--- Aim of the exercise ---
Please copy exactly the part of the records below that opens with the line containing "Bdsm Toys Sex" and closes with the line containing "2019 Ford Fiesta S", leaving out any pictures.

[Collected data]

%%

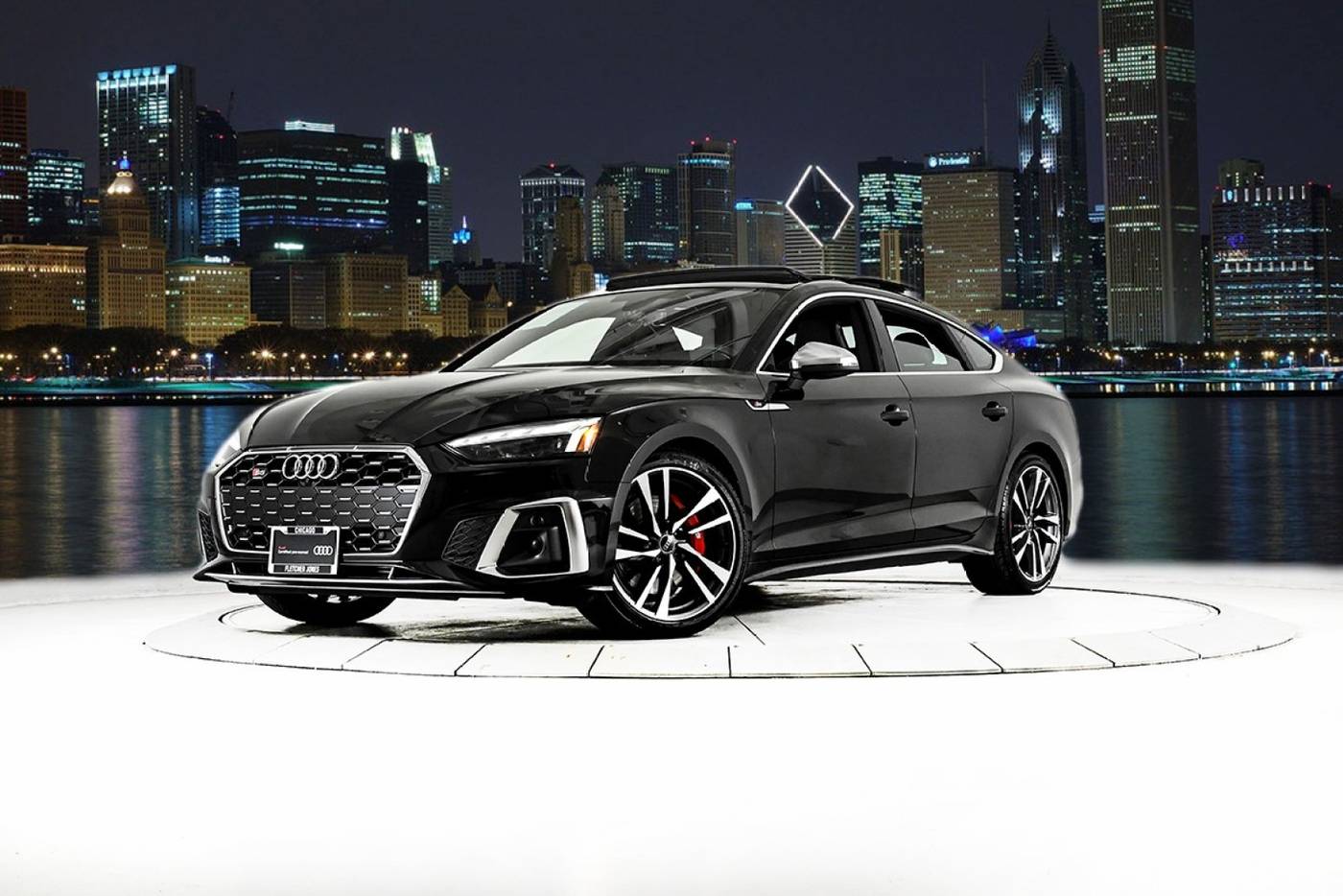 2025 Audi S5 Premium Plus — Hatchback — 10,207 mi — Chicago, IL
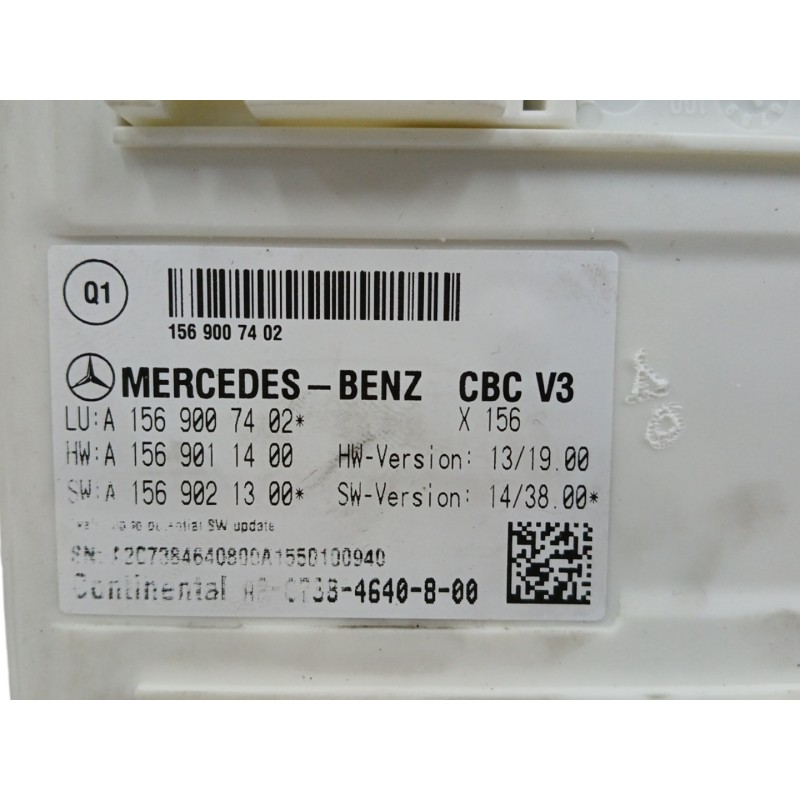 CAJA RELES / FUSIBLES A2C7384640800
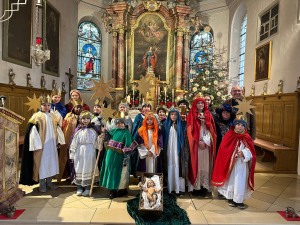 Sternsinger Pellheim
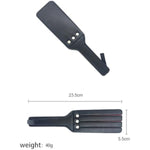 Bdsm Toys Sex Paddle Femlae Adult Sex Toys For Couples, Sex Whip Spanking Paddle Women Sex Toy For Sex Play, Leather 9.84" Bdsm Paddle Whips Sex Bondage Toys Sm Whips For Sex Games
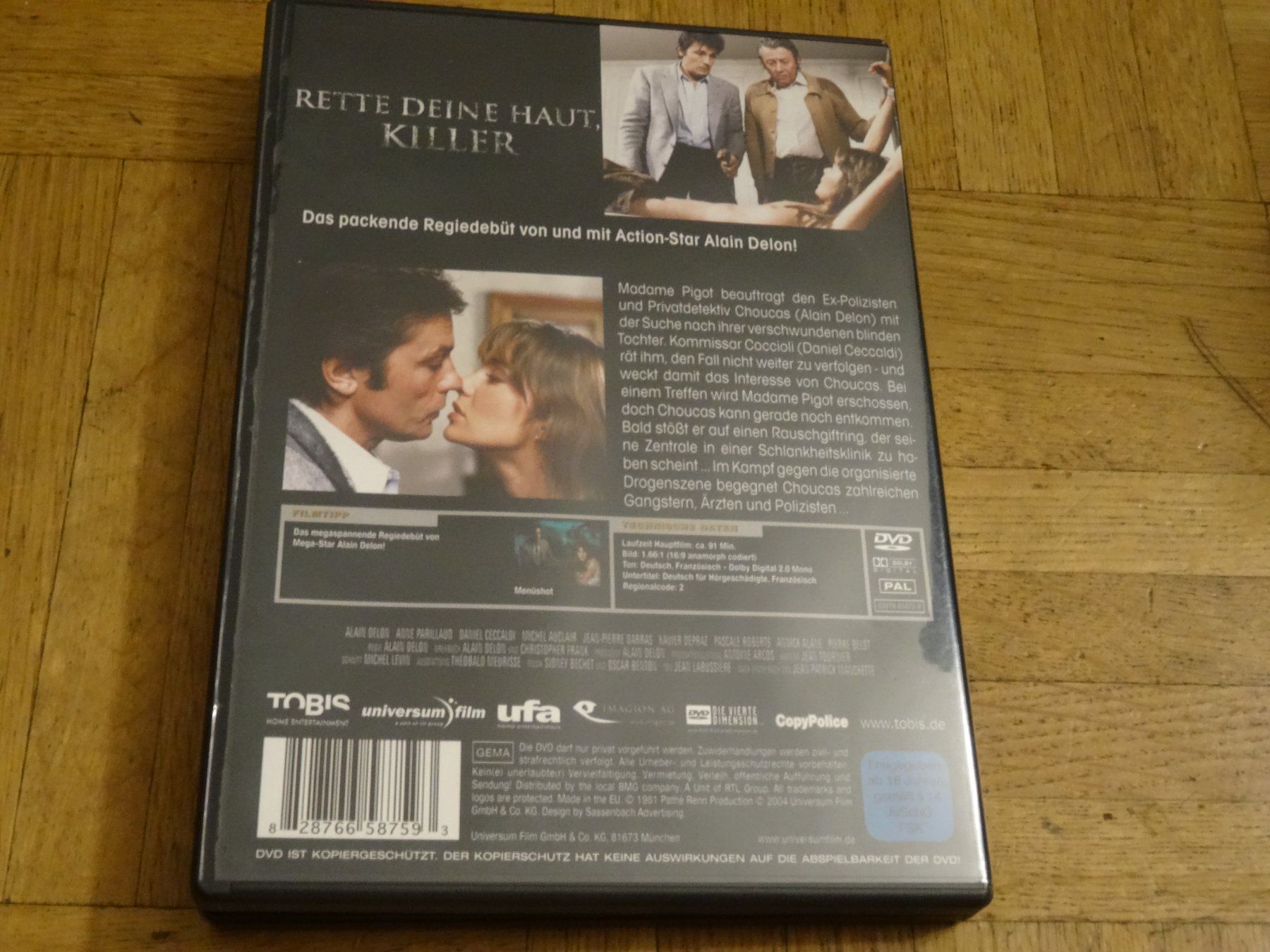 Tutti i DVDs: DVD Albert Lewin Retter deine Haut, Killer – Usato da Olten venduto da Disc-Verkauf 2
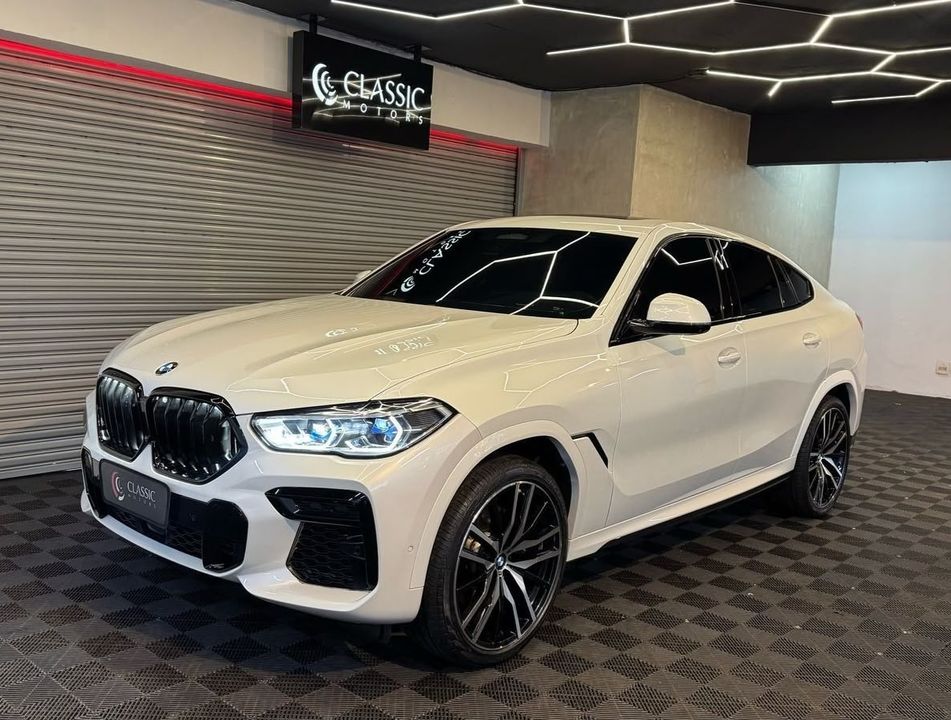 BMW X6 XDRIVE 40i M Sport 3.0 Bi-Turbo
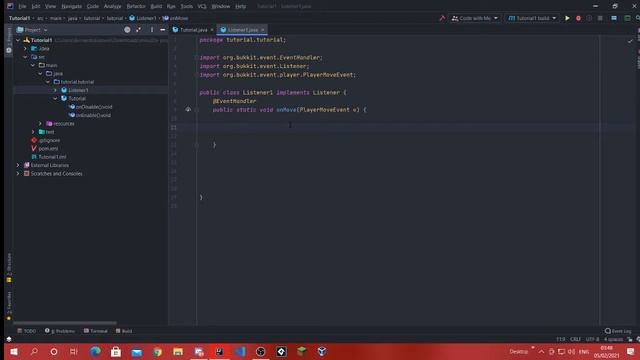 Spigot 1.16.4 coding tutorial Episode1. Setting up your workspace and Simple event (IntelliJ IDEA) смотреть онлайн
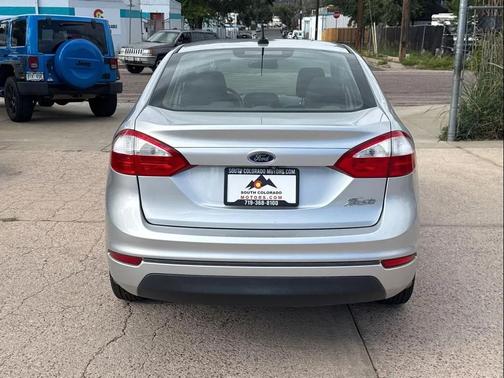 2019 Ford Fiesta S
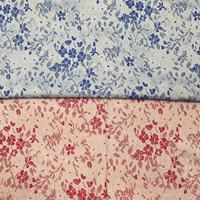 Tissu Jacquard Brocart Fleur Rose 3D Personnalisable en Fil Teint 100% Polyester de Haute Qualité pour Robes, Sacs et Mariages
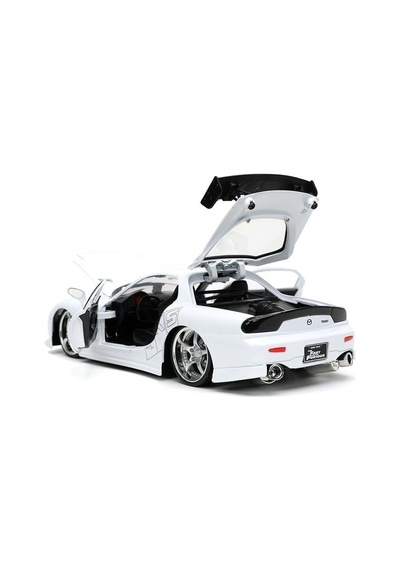 253203065 Jada Fast Furious 1993 Mazda Rx-7 1 24 Çok Renkli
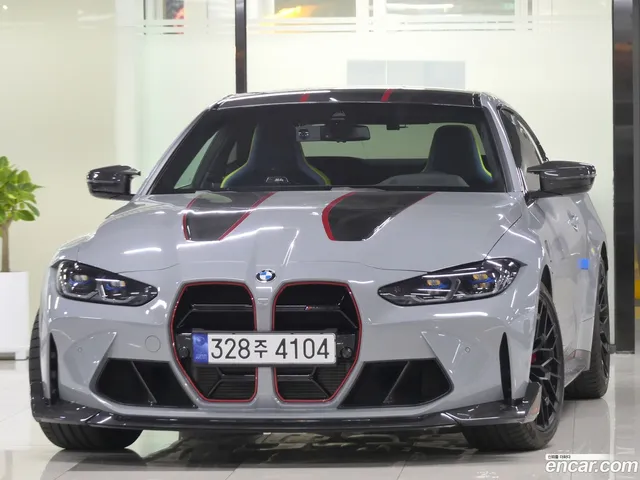 BMW M4 (G82) M4 CSL — миниатюра 1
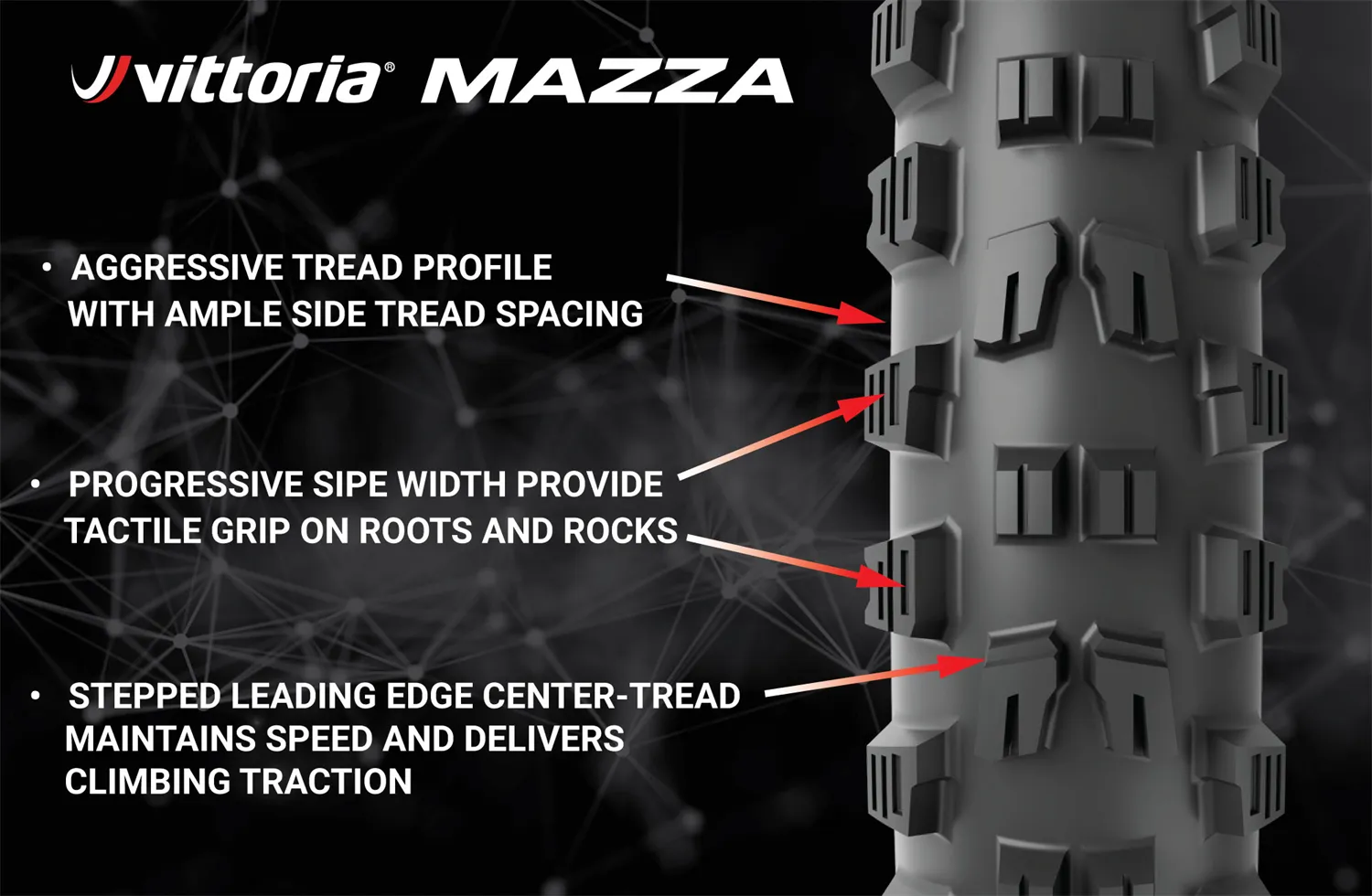Vittoria Mazza Enduro Race 29" Tyre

%%

--- Answer to this task ---
 Bdsm Toys Sex Paddle Femlae Adult Sex Toys For Couples, Sex Whip Spanking Paddle Women Sex Toy For Sex Play, Leather 9.84" Bdsm Paddle Whips Sex Bondage Toys Sm Whips For Sex Games
 Tutti i DVDs: DVD Albert Lewin Retter deine Haut, Killer – Usato da Olten venduto da Disc-Verkauf 2
 BMW X6 XDRIVE 40i M Sport 3.0 Bi-Turbo
 Spigot 1.16.4 coding tutorial Episode1. Setting up your workspace and Simple event (IntelliJ IDEA) смотреть онлайн
 2019 Ford Fiesta S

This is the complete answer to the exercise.